Ballason nega qualquer conhecimento de Gaiya. Seus advogados obtiveram uma cópia da petição que também foi revisada pelo Global Voices para verificação.

Balllason disse ao Global Voices via Whatsapp em 20 de janeiro de 2020:

A petição foi escrita no gabinete do governador e copiada para o [All Progressives Congress Party] Presidente e polícia da APC. A petição não foi endereçada à polícia. Como eles agem em uma alegação em que foram meramente copiados? A petição [cites complaints that I am] 40 anos e eu tenho mais ou menos 30 anos. Quão espúrio e risível ele fica. No entanto, eu, meus colegas e família, fomos submetidos a tortura psicológica incalculável. Eu não pude trabalhar. Eu tive que deixar o estado até obter a ordem provisória do tribunal.
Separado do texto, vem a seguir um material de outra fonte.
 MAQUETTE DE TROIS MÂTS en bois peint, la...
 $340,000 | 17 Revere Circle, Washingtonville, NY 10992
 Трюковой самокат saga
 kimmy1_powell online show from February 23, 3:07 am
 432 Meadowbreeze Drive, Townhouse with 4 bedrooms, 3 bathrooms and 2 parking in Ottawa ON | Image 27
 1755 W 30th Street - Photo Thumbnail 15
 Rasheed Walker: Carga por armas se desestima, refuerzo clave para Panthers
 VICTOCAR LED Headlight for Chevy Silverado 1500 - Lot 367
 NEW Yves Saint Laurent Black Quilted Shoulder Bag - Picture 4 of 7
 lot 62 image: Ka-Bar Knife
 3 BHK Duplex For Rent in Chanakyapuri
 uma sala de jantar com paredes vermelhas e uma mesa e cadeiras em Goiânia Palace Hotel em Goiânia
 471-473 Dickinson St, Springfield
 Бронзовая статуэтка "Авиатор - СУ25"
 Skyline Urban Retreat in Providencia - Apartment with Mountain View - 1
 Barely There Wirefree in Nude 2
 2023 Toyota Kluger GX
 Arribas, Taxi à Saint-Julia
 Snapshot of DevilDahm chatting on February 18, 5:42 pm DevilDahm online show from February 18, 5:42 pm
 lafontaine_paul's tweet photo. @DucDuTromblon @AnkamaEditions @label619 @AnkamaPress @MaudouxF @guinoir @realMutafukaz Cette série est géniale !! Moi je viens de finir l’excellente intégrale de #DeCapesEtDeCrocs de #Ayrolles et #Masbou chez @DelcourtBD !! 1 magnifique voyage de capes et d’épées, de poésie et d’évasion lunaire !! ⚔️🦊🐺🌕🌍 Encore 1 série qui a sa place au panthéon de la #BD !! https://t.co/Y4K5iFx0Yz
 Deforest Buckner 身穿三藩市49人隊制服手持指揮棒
Quando o advogado de Ballason fez novas investigações sobre a petição e o motivo das visitas, a polícia entregou a Ballason uma carta de pedido de interrogatório citando “quebra de confiança e trapaça” em 18 de dezembro.

Ballason disse à Global Voices na entrevista do Whatsapp que esta carta não esclareceu quem fez as queixas ou estabeleceu fatos. Uma foto da carta obtida pelos advogados de Ballason foi vista pelo Global Voices para verificação.

Temendo por sua segurança, a provação levou Ballason a apresentar uma moção ex parte contra o inspetor geral da polícia, comissário da polícia e governo do Estado de Kaduna, em 7 de janeiro de 2020.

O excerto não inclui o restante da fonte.